Source data
━━━━━━━━

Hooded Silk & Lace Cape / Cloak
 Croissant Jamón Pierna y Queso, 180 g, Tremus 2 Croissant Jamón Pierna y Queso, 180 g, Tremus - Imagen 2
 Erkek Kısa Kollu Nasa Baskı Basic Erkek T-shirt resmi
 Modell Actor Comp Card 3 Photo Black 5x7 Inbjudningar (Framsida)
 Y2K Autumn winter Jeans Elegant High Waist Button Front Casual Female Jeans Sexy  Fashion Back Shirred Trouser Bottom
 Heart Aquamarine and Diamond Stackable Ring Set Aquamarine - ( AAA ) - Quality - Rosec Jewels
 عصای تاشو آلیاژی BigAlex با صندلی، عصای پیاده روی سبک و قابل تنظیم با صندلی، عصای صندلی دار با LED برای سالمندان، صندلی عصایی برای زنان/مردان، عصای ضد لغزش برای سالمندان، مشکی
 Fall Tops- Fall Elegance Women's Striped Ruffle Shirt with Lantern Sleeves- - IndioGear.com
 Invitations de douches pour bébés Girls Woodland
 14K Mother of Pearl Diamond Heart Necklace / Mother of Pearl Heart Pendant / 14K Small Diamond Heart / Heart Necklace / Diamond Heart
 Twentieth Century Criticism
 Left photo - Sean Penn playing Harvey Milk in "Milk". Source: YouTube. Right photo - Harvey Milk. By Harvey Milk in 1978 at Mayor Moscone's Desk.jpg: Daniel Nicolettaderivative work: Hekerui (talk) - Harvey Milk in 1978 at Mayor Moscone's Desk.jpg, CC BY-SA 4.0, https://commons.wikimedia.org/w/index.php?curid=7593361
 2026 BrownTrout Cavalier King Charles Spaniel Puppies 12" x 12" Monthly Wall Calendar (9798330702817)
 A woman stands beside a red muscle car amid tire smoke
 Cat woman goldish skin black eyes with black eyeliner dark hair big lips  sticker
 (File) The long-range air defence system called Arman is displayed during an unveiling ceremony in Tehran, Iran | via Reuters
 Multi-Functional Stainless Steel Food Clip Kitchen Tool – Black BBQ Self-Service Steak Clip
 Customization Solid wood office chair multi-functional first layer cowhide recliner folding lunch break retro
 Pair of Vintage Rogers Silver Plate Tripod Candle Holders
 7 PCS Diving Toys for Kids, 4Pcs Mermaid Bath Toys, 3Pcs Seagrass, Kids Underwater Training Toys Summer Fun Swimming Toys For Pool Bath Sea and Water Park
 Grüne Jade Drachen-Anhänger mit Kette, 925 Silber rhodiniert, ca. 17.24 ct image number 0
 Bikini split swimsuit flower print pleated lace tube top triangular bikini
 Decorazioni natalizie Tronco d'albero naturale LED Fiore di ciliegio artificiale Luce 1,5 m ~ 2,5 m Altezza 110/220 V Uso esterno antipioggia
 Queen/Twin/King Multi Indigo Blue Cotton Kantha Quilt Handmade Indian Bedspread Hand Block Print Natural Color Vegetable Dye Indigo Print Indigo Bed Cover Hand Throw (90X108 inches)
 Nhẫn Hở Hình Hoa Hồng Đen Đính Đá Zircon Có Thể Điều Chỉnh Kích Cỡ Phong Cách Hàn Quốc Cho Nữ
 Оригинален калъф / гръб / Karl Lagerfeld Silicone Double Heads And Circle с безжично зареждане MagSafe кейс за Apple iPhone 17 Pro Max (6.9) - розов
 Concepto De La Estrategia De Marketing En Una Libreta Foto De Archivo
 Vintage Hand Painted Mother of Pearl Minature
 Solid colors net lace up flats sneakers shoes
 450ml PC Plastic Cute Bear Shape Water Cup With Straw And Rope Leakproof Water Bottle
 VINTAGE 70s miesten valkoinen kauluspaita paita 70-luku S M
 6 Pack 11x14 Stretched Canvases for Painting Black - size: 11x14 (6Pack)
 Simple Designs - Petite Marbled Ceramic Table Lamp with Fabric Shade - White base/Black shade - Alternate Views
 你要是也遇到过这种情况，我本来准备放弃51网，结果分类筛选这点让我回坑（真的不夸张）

━━━━━━━━

EXERCISE DESCRIPTION
Using the records above, report each line with the string "King".

TASK RESULT
 2026 BrownTrout Cavalier King Charles Spaniel Puppies 12" x 12" Monthly Wall Calendar (9798330702817)
 Queen/Twin/King Multi Indigo Blue Cotton Kantha Quilt Handmade Indian Bedspread Hand Block Print Natural Color Vegetable Dye Indigo Print Indigo Bed Cover Hand Throw (90X108 inches)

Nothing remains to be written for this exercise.